CVS Health settled allegations against two of its retail stores to the tune of $22 million. During an investigation as part of the DEA’s efforts to put a halt to Florida pill mills, it was discovered that these two retail locations were filling prescriptions written without regard to medical need. These prescriptions had “red flags” indicating that they were not prescribed for legitimate purposes. CVS acknowledged that the pharmacies had a responsibility to issue drugs only based on medical need, and that its retail stores also failed to completely fulfill compliance obligations under the Controlled Substances Act (21 U.S.C. §801).
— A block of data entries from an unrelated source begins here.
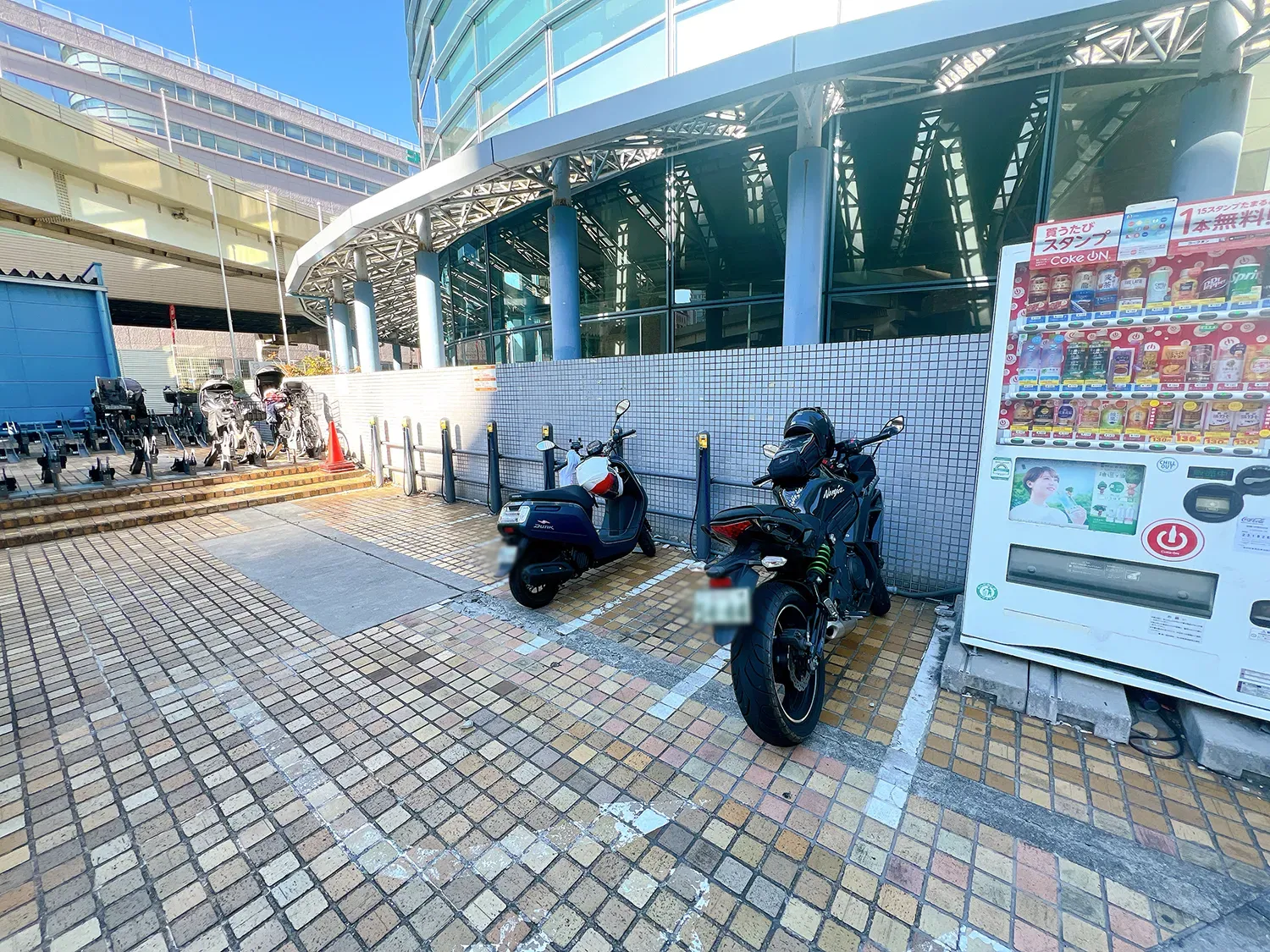 サンシャインシティお客様駐車場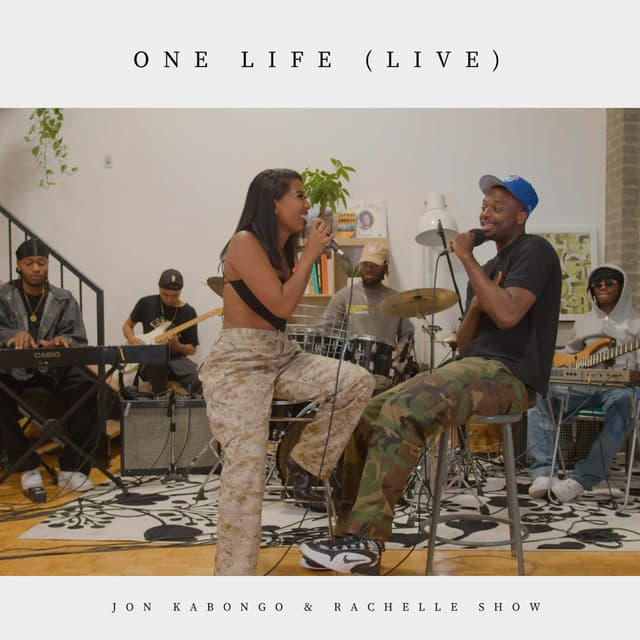 One Life (Live Version) cover art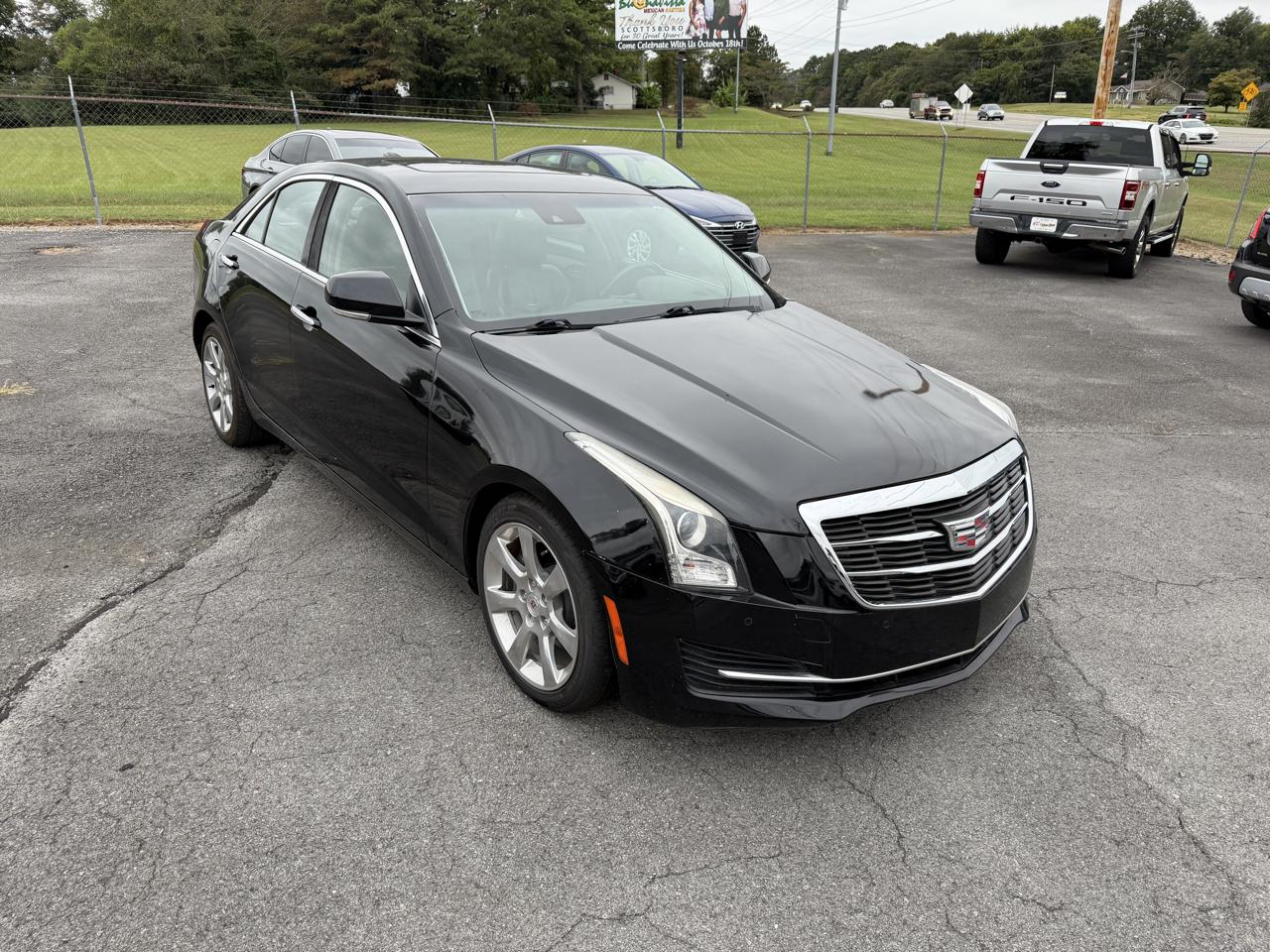 Cadillac ATS Sedan 4dr Sdn 3.6L Luxury Collection AWD 2016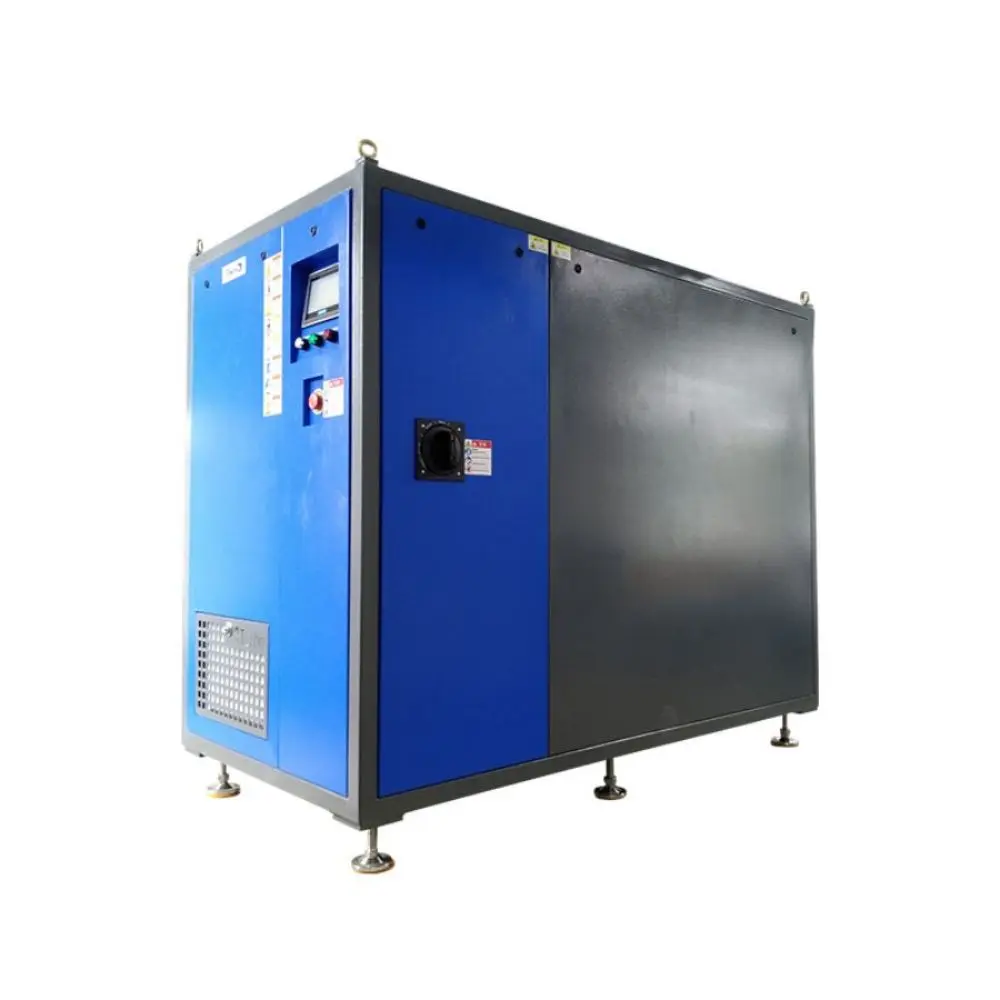 High Speed Blue Permanent Magnet Motor Air Foil Bearing Blower for Paper Making Industry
California supply company owner sentenced

Across the country, a registered nurse in the Los Angeles area was sentenced to 4 years in prison for her part in a Medicare fraud scheme. Olufunke Ibiyemi Fadojutimi was convicted by a jury in July 2014 of seven counts of health care fraud, one count of conspiracy to commit health care fraud, and one count of money laundering. Fadojutimi was a registered nurse and the owner of Lutemi Medical Supply. Through the company, which was a supplier of durable medical equipment, she billed Medicare over $8 million for equipment that was not medically necessary. Between September 2003 and May 2010, the scheme involved paying kickbacks to physicians for fraudulent prescriptions and patient recruiters in exchange for referrals. Medicare paid almost $4.3 million on a total of $8.3 million in submitted claims.
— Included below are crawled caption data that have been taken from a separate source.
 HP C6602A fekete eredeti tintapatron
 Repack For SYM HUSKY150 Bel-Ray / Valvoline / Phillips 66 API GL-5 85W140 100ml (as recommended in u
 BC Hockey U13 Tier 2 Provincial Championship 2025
Not getting off easy in the Big Easy

A New Orleans jury convicted two doctors, a nurse, and an office manager for participation in a Medicare fraud scheme. The scheme involved claiming that thousands of Medicare beneficiaries in the area required nursing and therapy home health services when the patients were actually not homebound. Medicare paid approximately $50.7 on over $56 million in mostly fraudulent claims. Nine other defendants have already pleaded guilty to their roles in the scheme. These settlements are part of the government’s focus on combating health care fraud via the Health Care Fraud Prevention and Enforcement Action Team (HEAT) initiative, which was announced in May 2009 by the Departments of Justice and Health and Human Services.

DEA administrator

Chuck Rosenberg has been appointed to serve as the new DEA acting administrator. He is currently the chief of staff to the director of the FBI. In this role, he worked on issues such as counterterrorism, intelligence, and criminal investigations including cyber investigations. Previously, he served as the U.S. Attorney of the Eastern District of Virginia and the Southern District of Texas. He has also spent time working in private practice and as a federal prosecutor. Attorney General Loretta E. Lynch stated that his appointment was “well-deserved” and that she could “think of no better individual to lead this storied agency.”
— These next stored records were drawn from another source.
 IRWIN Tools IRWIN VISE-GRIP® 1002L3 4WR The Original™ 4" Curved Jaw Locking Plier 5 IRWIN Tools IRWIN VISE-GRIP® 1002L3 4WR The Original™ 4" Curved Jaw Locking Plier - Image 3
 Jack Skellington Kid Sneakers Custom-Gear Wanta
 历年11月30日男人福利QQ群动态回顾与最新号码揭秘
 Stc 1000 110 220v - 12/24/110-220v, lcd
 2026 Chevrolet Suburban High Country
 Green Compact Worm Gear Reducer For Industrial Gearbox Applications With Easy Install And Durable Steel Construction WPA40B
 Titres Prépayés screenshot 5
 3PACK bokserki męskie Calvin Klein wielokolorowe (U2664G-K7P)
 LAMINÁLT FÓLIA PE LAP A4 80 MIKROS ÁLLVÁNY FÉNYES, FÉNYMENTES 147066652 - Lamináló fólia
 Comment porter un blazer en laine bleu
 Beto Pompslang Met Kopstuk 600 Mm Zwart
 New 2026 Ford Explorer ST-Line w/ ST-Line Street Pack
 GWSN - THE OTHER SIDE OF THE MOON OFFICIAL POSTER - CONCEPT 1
New challenges in combating fraud

Assistant Attorney General Leslie R. Caldwell spoke at the American Bar Association’s 25th Annual National Institute on Health Care Fraud, highlighting the success the DOJ has had in prosecuting health care fraud over the last 25 years. She reflected on the days when law enforcement was reactive to fraud cases and waited on CMS to refer cases. Now, she said, the Medicare Fraud Strike Force is taking steps to investigate areas that are known for fraudulent billing practices, such as durable medical equipment in Miami, Florida, to identify and halt fraudulent schemes as early as possible. She also noted that as criminal attacks causing health care data breaches continue to rise, the Cybersecurity Unit is developing best practices to mitigate risk. She also requested that companies begin partnering with the unit to exchange ideas and experiences to more effectively put a stop to attacks before they happen.